Work request: Set down, character for character, everything in the records below from the line holding "Appartamento Gaestehaus Leipzig-gottscheina" down to the line holding "サイズ感は？】パタゴニア「レトロXジャケット」の使用感、特徴等を", and no other line.

Entries provided:
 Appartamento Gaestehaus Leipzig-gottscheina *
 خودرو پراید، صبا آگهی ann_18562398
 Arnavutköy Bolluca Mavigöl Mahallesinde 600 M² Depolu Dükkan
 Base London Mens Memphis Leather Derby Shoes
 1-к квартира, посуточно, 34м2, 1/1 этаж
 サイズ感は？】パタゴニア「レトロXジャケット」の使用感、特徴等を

...

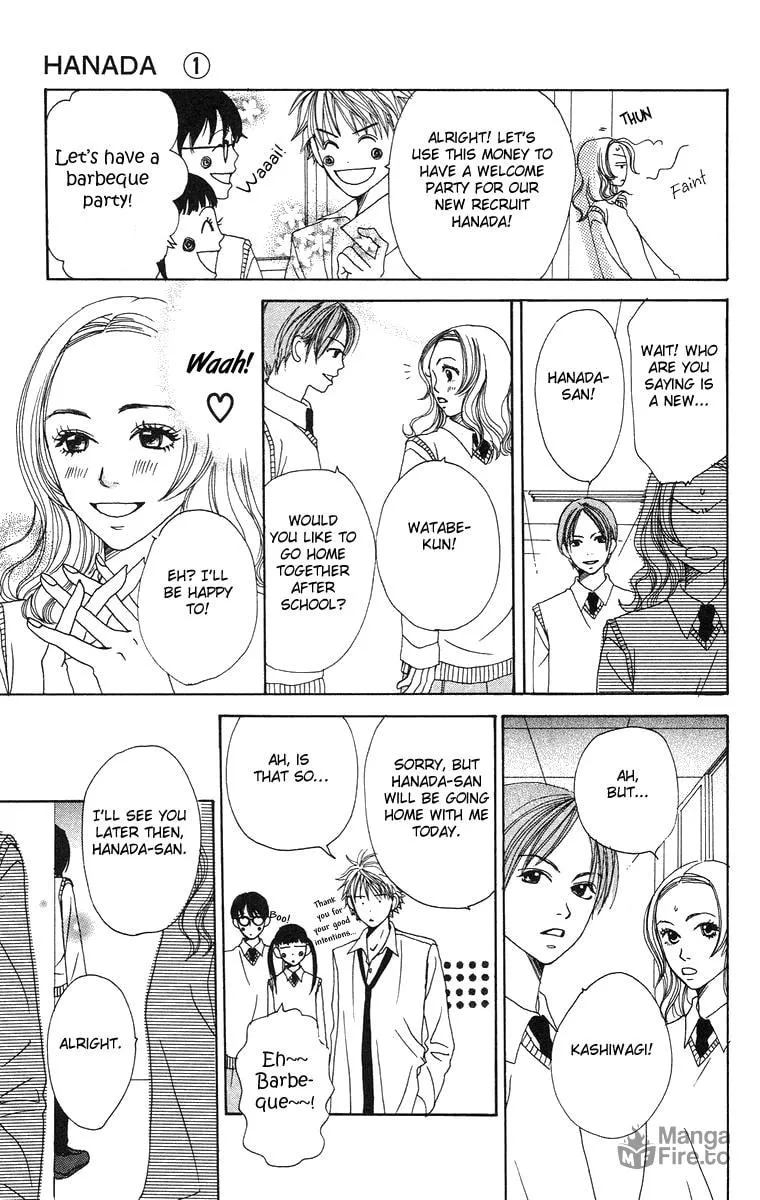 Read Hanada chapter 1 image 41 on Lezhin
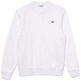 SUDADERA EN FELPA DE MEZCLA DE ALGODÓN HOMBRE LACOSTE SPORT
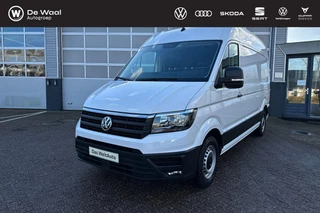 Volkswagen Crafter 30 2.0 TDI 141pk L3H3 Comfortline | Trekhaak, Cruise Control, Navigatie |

Exercise answer:
 Appartamento Gaestehaus Leipzig-gottscheina *
 خودرو پراید، صبا آگهی ann_18562398
 Arnavutköy Bolluca Mavigöl Mahallesinde 600 M² Depolu Dükkan
 Base London Mens Memphis Leather Derby Shoes
 1-к квартира, посуточно, 34м2, 1/1 этаж
 サイズ感は？】パタゴニア「レトロXジャケット」の使用感、特徴等を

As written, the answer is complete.